WHAT ARE COLEY’S TOXINS?
Coley’s toxins were developed by the bone surgeon William Coley in New York in the late 1890s.
He noticed cancer patients who caught infections after surgery ‘did better’.
This led him to believe the infection stimulated their immune system to fight the tumours.
Dr Coley first injected live bacteria into cancer tumours, however, could have caused serious illness or even death.
He therefore began using bacteria that had been ‘killed’.
Cancer Research UK claims ‘scientific evidence doesn’t support claims Coley’s toxins can treat or prevent cancer’.
This is thought to occur through innate immunity, which is activated as soon as the immune system recognises an invading pathogen.
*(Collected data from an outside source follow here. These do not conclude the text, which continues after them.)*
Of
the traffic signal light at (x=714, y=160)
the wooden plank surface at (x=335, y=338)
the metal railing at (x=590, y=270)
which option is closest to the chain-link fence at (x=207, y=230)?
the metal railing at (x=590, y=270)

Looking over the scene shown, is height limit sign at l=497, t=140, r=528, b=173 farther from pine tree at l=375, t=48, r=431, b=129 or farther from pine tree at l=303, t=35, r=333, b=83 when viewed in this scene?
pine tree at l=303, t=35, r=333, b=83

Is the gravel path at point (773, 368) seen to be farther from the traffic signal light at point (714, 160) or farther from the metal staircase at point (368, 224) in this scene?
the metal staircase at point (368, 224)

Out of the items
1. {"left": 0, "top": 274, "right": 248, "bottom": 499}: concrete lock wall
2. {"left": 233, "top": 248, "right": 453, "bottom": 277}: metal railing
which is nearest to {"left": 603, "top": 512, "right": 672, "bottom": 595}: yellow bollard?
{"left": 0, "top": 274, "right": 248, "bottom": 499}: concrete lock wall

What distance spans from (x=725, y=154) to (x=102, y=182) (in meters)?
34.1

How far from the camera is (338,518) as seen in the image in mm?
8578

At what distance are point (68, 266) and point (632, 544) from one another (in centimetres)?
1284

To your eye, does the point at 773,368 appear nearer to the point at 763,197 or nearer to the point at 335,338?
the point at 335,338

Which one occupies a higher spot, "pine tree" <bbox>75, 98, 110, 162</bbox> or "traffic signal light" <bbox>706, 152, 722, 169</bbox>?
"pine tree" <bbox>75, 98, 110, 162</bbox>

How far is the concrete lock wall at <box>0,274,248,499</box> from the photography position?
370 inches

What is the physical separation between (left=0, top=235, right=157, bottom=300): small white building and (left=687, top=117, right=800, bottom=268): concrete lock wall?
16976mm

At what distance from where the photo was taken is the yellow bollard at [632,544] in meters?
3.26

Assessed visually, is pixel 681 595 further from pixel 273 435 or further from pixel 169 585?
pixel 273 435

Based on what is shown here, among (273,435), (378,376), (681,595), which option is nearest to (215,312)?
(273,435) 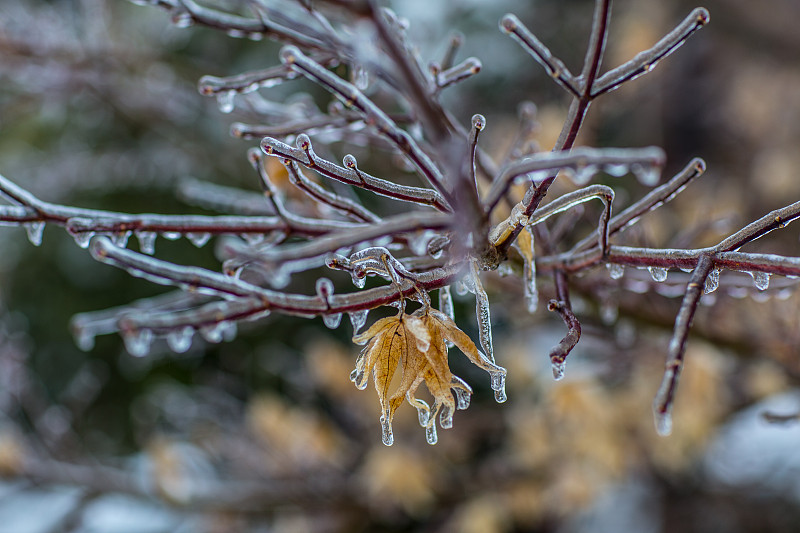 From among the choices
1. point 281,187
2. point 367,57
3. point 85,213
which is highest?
point 281,187

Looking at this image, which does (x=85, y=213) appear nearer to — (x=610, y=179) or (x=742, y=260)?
(x=742, y=260)

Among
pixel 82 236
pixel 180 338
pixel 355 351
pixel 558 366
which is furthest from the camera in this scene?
pixel 355 351

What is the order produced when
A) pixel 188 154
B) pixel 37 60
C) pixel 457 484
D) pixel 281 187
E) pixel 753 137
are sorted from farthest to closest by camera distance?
pixel 753 137
pixel 188 154
pixel 457 484
pixel 37 60
pixel 281 187

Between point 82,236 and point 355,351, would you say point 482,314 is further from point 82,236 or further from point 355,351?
point 355,351

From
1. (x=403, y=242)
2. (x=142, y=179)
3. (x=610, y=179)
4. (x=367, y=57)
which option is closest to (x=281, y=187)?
(x=403, y=242)

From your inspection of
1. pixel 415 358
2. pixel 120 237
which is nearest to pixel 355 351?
pixel 120 237

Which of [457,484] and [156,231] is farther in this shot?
[457,484]

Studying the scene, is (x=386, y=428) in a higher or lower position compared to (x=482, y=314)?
lower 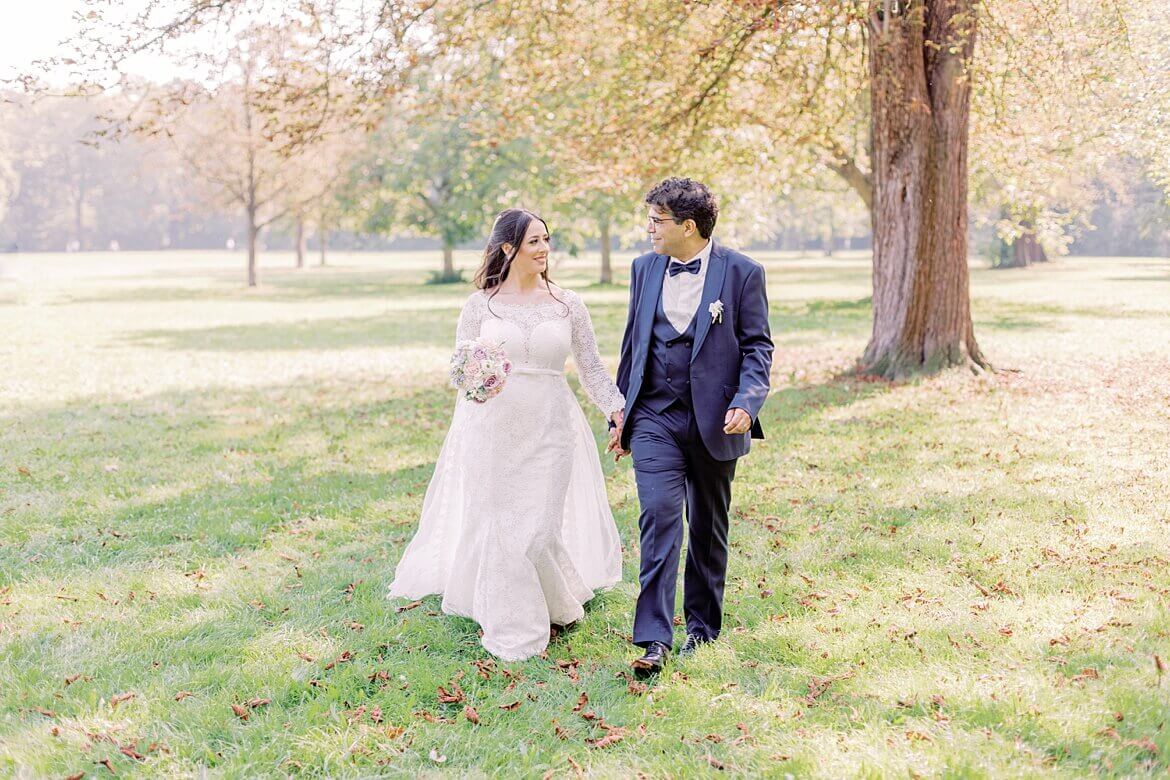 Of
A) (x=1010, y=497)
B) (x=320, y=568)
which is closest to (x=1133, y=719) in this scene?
(x=1010, y=497)

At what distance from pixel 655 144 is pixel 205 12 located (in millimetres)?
6414

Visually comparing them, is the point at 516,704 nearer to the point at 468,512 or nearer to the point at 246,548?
the point at 468,512

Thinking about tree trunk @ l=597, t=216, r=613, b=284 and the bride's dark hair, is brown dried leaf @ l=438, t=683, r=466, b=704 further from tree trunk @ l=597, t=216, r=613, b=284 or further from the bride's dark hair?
tree trunk @ l=597, t=216, r=613, b=284

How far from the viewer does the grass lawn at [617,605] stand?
416 centimetres

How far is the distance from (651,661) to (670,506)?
2.49ft

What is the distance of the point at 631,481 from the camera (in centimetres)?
903

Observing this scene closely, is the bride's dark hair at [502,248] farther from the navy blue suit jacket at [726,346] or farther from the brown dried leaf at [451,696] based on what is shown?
the brown dried leaf at [451,696]

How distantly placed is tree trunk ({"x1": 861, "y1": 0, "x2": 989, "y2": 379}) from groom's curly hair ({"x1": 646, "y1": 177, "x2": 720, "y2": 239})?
304 inches

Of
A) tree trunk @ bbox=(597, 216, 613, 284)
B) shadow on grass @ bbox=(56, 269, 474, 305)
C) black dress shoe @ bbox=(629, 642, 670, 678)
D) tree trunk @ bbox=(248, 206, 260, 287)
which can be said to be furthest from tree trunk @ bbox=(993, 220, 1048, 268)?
black dress shoe @ bbox=(629, 642, 670, 678)

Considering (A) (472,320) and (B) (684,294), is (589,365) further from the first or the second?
(B) (684,294)

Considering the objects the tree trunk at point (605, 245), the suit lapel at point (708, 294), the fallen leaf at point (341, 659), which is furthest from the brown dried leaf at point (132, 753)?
the tree trunk at point (605, 245)

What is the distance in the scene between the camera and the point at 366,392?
1429cm

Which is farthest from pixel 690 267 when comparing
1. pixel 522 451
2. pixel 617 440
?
pixel 522 451

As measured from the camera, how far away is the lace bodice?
207 inches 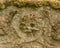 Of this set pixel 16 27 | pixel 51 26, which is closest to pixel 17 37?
pixel 16 27

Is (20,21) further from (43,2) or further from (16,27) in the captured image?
(43,2)

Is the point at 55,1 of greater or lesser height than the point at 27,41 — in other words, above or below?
above

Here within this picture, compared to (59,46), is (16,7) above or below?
above

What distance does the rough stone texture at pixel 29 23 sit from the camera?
231 cm

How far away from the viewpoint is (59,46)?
2.37m

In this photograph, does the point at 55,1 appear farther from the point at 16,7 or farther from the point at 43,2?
the point at 16,7

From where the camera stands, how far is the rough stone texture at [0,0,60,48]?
231 centimetres

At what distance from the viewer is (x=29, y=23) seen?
230 centimetres

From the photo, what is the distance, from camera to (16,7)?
232 cm

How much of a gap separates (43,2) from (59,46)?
315 millimetres

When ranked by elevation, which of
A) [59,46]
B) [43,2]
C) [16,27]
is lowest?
[59,46]

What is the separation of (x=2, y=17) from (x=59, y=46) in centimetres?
43

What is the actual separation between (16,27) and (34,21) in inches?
4.9

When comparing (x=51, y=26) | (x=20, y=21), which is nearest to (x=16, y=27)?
(x=20, y=21) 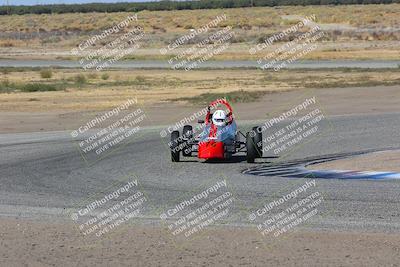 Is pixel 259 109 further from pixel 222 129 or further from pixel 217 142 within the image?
pixel 217 142

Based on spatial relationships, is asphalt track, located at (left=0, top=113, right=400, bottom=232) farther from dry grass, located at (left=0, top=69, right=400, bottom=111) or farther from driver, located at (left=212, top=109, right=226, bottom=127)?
dry grass, located at (left=0, top=69, right=400, bottom=111)

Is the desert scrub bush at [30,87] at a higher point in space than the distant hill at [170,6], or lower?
lower

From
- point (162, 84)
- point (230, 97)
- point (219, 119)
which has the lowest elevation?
point (230, 97)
Innate immunity, the body’s evolutionary first line of defense, works through myleoid cells. These trigger inflammation, and even ‘engulf and digest’ foreign substances.
Tumours are thought to produce signals that cause myeloid cells to suppress the immune response. These signals also ‘feed’ cancer by stimulating new blood vessels.
But injecting tumours with bacteria ‘draws’ myeloid cells to the mass, which they then engulf and digest, the scientists wrote.
‘Detective immune cells’ are then thought to ‘send a chemical call-to-arms’ to lymphoid cells.
These recognise infected cancer cells as being foreign and give out toxins that force the tumours to self destruct.
Lymphoid cells also ‘remember’ tumours, preventing them from recurring, the researchers wrote.
They believe bacterial immunotherapy is a ‘hugely exciting prospect for human cancer treatment’.
Bacteria have to first be modified so they do not cause disease, however, this often makes them less effective, they added.
Additional research should therefore look at the properties of different bacteria that help to boost the immune system against cancer.
This will help in the development of safe strains that still destroy tumours, the team added.
Cancer Research UK points out only some of the patients treated by Dr Coley saw their tumours shrink.
Later studies testing the treatment also show not everyone benefits and those that do may just be down to chance, the charity adds.
‘At the moment there’s no solid evidence from modern clinical trials to show Coley’s toxins can reliably treat cancer or work better than other types of treatment,’ Cancer Research says.